>>>

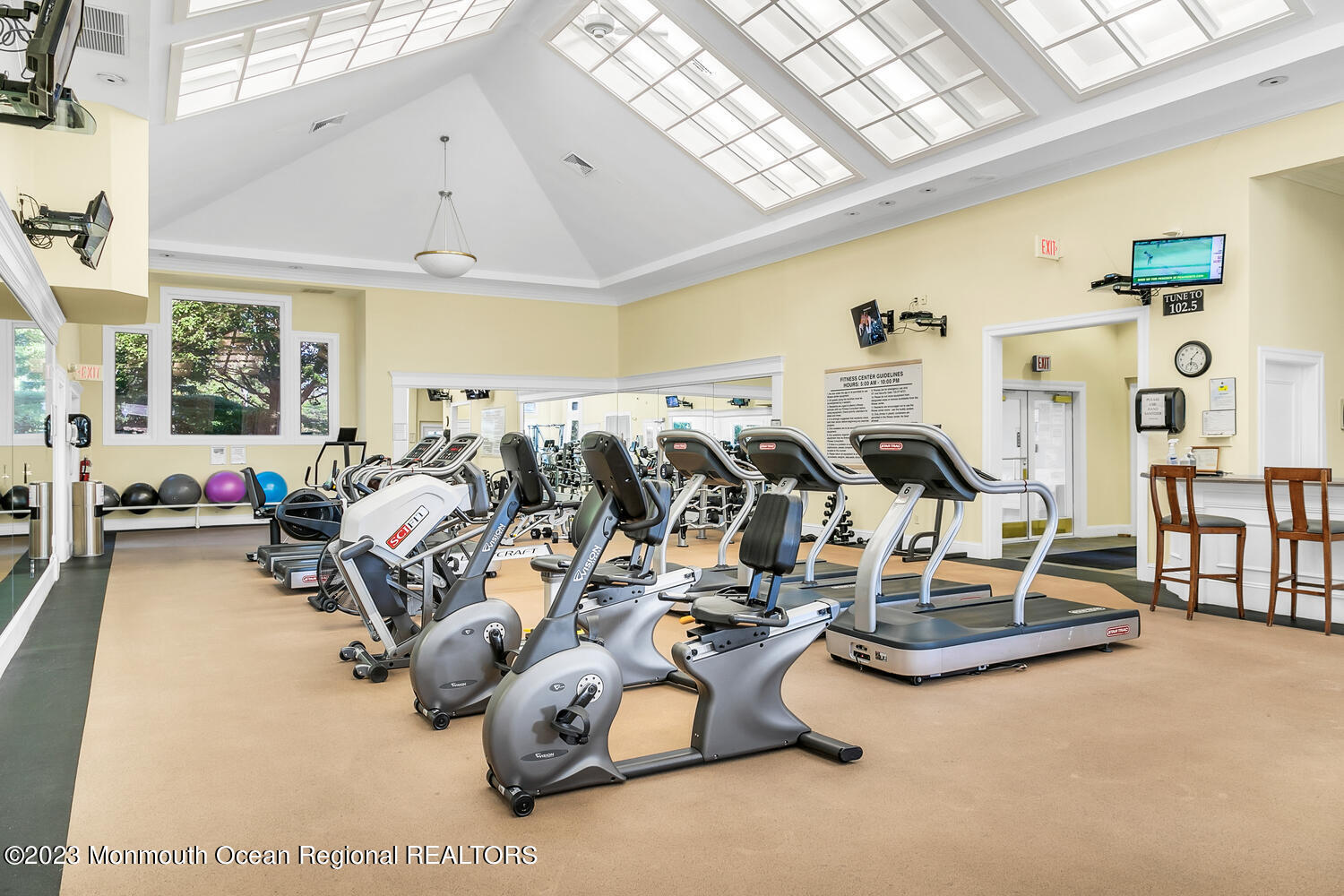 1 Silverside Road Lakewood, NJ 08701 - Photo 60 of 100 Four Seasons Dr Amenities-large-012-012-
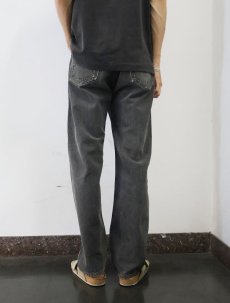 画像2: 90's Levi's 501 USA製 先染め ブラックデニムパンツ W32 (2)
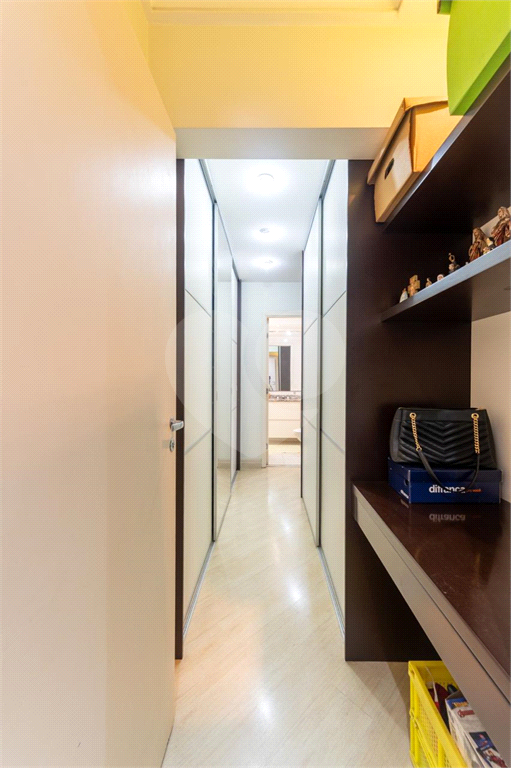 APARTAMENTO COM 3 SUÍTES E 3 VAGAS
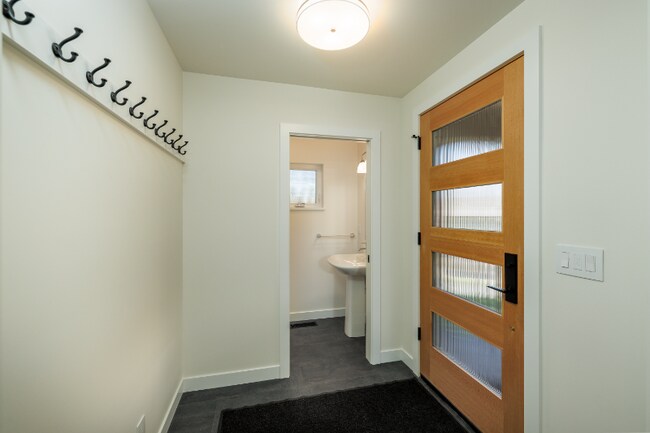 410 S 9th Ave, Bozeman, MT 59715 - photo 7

<<<

→ **Activity**
The copy must match the listing above exactly but contain no pictures.

→ **The completed task**
 1 Silverside Road Lakewood, NJ 08701 - Photo 60 of 100 Four Seasons Dr Amenities-large-012-012-
 画像2: 90's Levi's 501 USA製 先染め ブラックデニムパンツ W32 (2)
 APARTAMENTO COM 3 SUÍTES E 3 VAGAS
 410 S 9th Ave, Bozeman, MT 59715 - photo 7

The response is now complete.